Дело, следовательно, не только в бесах и их заклинаниях, несущих в себе удвоенную бесовскую природу. Дело хоть и в замаскированном (самой историей), но несомненно имеющемся сходстве между персонажами Достоевского и персонажами сократических диалогов Платона: им надо мысль разрешить, надо связать доказательствами континуум собственных поступков – причем далеко не все из этих доказательств суть «отмазки», способы легитимации некоторого цинического интереса или, как говорит Фрейд, орудия «рационализации». Честные нигилисты готовы подчиниться собственному силлогизму, сколь бы странным ни казались сам силлогизм и следующий из него вывод. Если настроена система взаимных конвенций, силлогизм обретает безапелляционный характер, даже если является собственным смертным приговором. Как всегда, безупречно чуток к таким вопросам Достоевский – вспомним его анализ в «Дневнике писателя» предсмертной записки юноши-студента: «Я умираю потому, что честен Добролюбов». Какой бы степени изощренности ни достигал ресентимент, он не в состоянии вынести подобный приговор. Вынести самому себе – другому, разумеется, вполне в состоянии.
Когда Лопухин и Кирсанов решают, с кем должна остаться Вера Павловна, любимая женщина для обоих, они это именно решают, и основанием решения будет правильный вывод из признанных посылок. Таким же он будет и для самой Веры Павловны, поскольку она тоже новый человек. Для людей другой эпохи (лучше сказать, эпох) тут только странность, нелепость или причуда, но современникам Чернышевского такое положение вещей странным вовсе не казалось, как и собеседникам Сократа не казалось странным идущее вразрез с очевидностью и полное опасностей рассуждение.
Этого удивительным образом не углядел Ницше: «Моральная оценка, как высшая, была бы опровергнута, если бы можно было доказать, что она является следствием некоторой неморальной оценки, что она – специальный случай реальной неморальности; она свелась бы сама таким образом на некоторую видимость, и как видимость не имела бы уже право осуждать “кажущееся”, иллюзию»[32]32
Ницше Ф. Воля к власти. – СПб., 2007. – С. 342.
[Закрыть].
Как раз наоборот.
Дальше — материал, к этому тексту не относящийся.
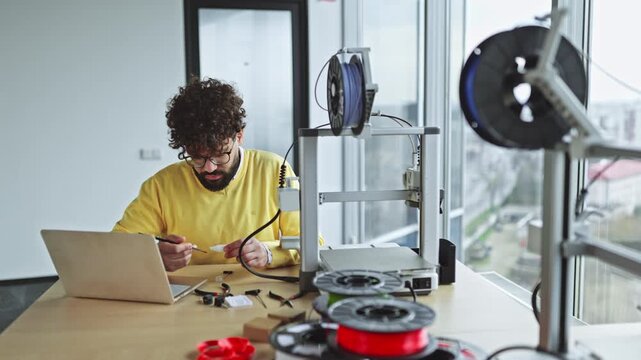 An Indian man with curly hair and glasses is meticulously lubricating the axles of a 3D printer during routine maintenance, surrounded by spools of filament and tools
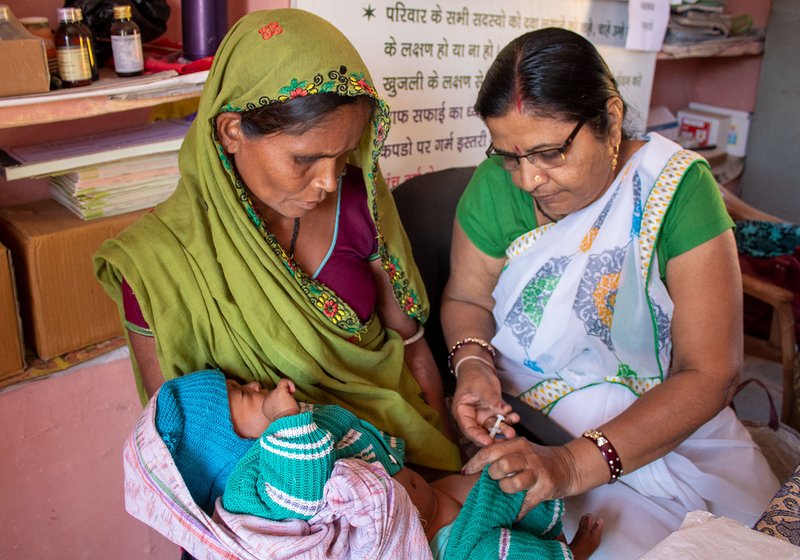 Niranjana Joshi, the ANM at the health sub centre administers the first ever vaccines to Hira Ninama’s fifth daughter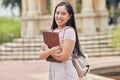 University student, woman and tablet for campus portrait with smile, backpack and walking with pride. Gen z girl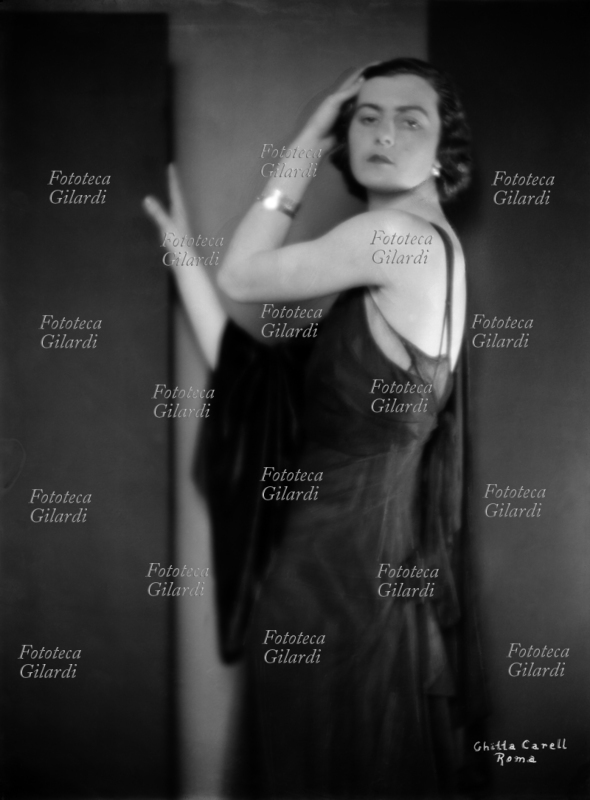 Nicoletta ARRIVABENE VALENTI GONZAGA (1º novembre 1906 – 16 settembre 1986), detta Niki, moglie del conte Edoardo Visconti di Modrone (1908-1980), in raffinato abbigliamento e posa sensuale da femme-fatale. Ritratto fotografico di Ghitta Carell (20 settembre 1899 – 18 gennaio 1972), la fotografa ufficiale dei reali d\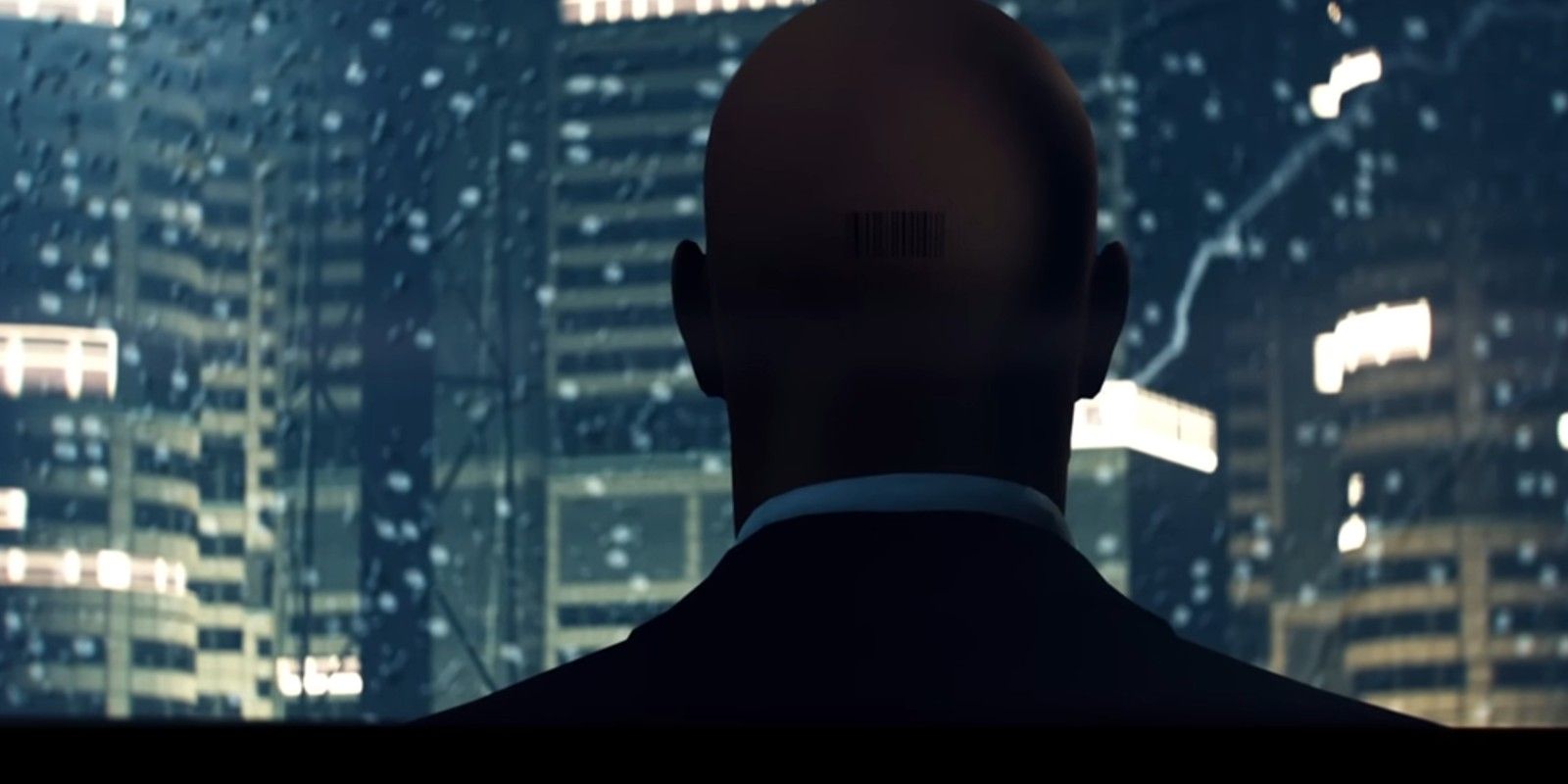 Hitman: Freelancer's Agent 47 looks out on a rainy cityscape.
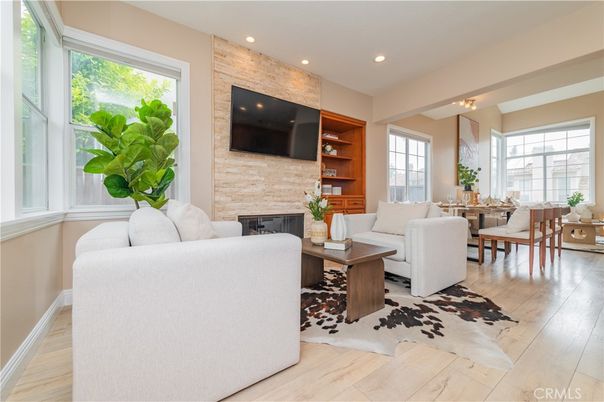 Dining room, Fireplace, Interior, Living room, Recessed Lighting, Stone Walls, Wood Texture Flooring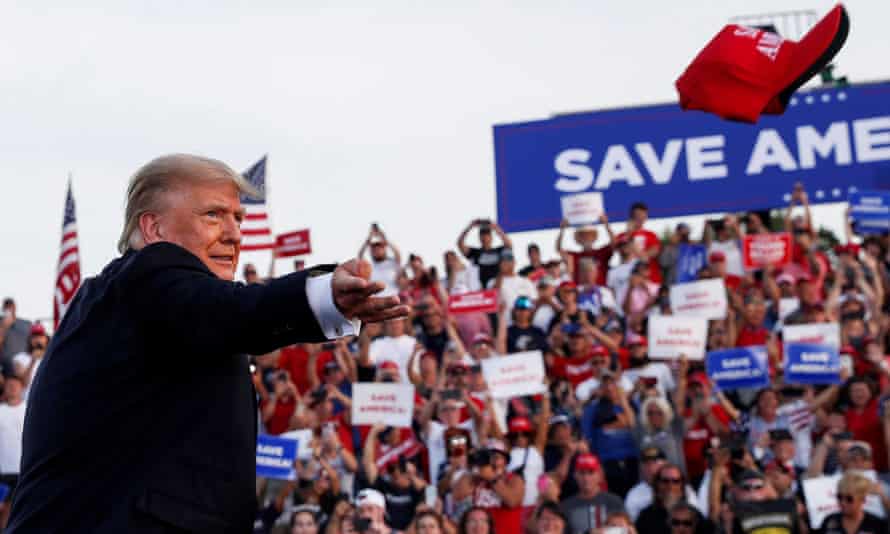 Donald Trump tosses a hat into the air at his first post-presidency rally in Wellington, Ohio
Настоящая решимость не задумалась бы отвергнуть мораль – что она Ставрогину, что она нигилисту, которому «надобно мысль разрешить». Но есть инстанция высшей внеморальности, требующая согласовать нечто само по себе не обоснованное, – и тут срабатывает бесстрашие логотомии (и настигающая логотомию рефлексия ресентимента идет по пятам).
Вот Сократ испытывает Полемарха, который готов к испытаниям, невзирая на возможный ущерб для собственной морали, для всех традиционных способов причастности к этосу:
«– И воинский стан тот лучше оберегает, кто способен также проникнуть и в замысел неприятеля и предвосхитить его действия?
– Конечно.
– Значит, тот горазд беречь, кто способен и воровать.
– По-видимому.
– Значит, если справедливый человек способен сохранять деньги, то он способен и похищать их.
– По крайней мере, к этому приводит наше рассуждение»[33]33
Платон. Соч. в 4 т., т. 3. – М., 1994. – С. 87.
[Закрыть].
Что тут скажешь? Конечно, господин не стал бы вникать в подобные аргументы, он, скорее всего, пришел бы в ярость от попытки сбить его с толку. Что же, Сократ и в самом деле выступает как переориентировщик ресентимента? Не будем спешить, вспомним Шекспира: слова, слова, слова. Увы, для многих – всё слова, что не деньги. Для «некоторых людей» доводы вообще не имеют значения – так, кимвал бряцающий и водопад шумящий. Чистая логотомия на них совершенно не действует, она ничего не детерминирует в их поведении, и потому те, кто все же готов последовать за полученным выводом, им столь же чужды, как и господин, не тратящий время на доводы. Из этого двустороннего непонимания странным образом вытекает, что «господин по природе» и тот, чьим проводником является и остается логос, не так уж далеки друг от друга. Они вместе противостоят тем, для кого все слова пусты, поскольку и если они «мимо кассы».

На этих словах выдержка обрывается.